Former NY Times executive editor Joseph Lelyveld lovingly profiles “staunch conservative” Sen. Chuck Hagel of Nebraska in a cover story for the Sunday magazine. If Hagel, a frequent critic of Bush and the Iraq war, does run for president in 2008, he may give media favorite Sen. John McCain a run for the cherished “maverick” label.

On the cover of the magazine, Hagel is called a “war-criticizing, anti-abortion, slash-the-deficit, multilateralist conservative.” In the table of contents, he’s “A war hero and staunch conservative.” (Incidentally, Sen.

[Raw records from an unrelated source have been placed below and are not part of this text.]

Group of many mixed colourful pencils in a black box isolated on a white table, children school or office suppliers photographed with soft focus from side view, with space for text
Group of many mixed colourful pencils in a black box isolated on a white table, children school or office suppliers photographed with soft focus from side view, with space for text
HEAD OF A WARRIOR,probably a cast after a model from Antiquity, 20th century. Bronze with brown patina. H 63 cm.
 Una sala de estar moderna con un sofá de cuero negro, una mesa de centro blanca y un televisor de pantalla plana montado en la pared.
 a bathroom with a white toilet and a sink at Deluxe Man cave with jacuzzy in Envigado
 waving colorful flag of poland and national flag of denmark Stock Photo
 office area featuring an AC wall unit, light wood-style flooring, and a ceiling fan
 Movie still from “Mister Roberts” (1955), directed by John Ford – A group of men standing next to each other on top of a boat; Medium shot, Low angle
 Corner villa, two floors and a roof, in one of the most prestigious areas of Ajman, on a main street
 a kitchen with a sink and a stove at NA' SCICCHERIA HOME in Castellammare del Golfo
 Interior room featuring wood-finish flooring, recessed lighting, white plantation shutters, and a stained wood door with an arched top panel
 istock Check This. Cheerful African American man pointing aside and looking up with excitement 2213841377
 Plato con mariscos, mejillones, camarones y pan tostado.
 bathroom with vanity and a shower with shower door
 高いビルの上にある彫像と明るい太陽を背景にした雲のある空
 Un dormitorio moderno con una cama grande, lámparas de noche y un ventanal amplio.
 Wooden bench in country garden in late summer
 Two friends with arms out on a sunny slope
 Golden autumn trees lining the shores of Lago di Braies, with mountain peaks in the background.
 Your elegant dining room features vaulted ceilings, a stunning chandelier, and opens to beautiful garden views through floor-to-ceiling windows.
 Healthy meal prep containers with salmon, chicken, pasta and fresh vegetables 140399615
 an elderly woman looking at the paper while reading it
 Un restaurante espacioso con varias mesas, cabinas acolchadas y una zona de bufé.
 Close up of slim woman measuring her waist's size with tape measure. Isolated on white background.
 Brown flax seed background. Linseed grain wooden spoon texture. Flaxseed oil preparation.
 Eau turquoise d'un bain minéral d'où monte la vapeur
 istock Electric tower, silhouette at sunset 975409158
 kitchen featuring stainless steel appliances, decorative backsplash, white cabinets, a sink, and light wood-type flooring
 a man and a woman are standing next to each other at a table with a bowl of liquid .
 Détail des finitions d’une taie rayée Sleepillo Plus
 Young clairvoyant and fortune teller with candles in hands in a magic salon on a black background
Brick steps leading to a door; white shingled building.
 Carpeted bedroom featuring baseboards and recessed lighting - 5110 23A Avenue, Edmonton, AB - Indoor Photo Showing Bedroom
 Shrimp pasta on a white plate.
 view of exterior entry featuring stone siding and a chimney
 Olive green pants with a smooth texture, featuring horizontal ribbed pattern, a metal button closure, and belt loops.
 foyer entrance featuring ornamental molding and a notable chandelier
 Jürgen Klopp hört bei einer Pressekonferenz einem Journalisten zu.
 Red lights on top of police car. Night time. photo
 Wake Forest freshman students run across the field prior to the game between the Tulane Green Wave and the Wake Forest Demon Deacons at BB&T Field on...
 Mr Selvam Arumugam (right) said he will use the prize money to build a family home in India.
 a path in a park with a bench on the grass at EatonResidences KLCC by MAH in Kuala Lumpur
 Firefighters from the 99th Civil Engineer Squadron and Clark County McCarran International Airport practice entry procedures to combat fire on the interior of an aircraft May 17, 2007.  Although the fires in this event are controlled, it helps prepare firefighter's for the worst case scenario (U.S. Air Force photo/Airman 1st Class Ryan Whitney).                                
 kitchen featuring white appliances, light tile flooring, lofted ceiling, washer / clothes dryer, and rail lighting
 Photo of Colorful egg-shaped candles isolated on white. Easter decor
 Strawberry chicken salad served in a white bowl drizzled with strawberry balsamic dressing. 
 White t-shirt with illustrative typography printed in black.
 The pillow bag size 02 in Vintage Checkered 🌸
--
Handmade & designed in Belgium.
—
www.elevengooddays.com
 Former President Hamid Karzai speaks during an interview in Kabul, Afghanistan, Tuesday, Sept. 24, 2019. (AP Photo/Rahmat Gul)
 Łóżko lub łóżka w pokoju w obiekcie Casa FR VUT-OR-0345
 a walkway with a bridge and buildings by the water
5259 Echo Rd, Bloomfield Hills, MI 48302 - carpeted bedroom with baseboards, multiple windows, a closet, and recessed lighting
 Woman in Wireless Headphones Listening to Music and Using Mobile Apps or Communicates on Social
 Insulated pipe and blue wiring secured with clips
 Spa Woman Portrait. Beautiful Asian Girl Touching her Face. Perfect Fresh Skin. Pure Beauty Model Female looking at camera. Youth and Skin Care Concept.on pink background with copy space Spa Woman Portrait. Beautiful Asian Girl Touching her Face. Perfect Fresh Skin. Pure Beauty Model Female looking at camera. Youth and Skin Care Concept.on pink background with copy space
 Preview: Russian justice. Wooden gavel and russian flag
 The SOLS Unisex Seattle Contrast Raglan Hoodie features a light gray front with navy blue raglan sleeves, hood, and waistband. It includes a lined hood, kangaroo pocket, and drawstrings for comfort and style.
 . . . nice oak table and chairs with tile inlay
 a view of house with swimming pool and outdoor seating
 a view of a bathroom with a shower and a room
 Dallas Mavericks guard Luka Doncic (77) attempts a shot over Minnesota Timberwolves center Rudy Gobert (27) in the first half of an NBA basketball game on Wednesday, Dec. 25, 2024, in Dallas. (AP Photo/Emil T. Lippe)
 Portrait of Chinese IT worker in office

Hillary Clinton has never been called a “staunch liberal” in the Times.)

 Lelyveld insists on Hagel’s strong conservatism in the text itself:

“An instinctive and unwavering conservative on most issues -- in particular, big government and deficits -- he was the antithesis of a neocon, a profile to which The Weekly Standard paid backhanded tribute in 2002 when it included him (along with Powell, Scowcroft and The New York Times) in what it called ‘the axis of appeasement.’ In the cruelest cut, in that brief period of easy, triumphalist anticipation before the invasion and its turbulent aftermath, National Review put Nebraska's senior senator down as Senator Hagel (R., France).”

Lelyveld praises Hagel for standing up against some spending, but suggests the senator failed when he supported Bush’s tax cuts.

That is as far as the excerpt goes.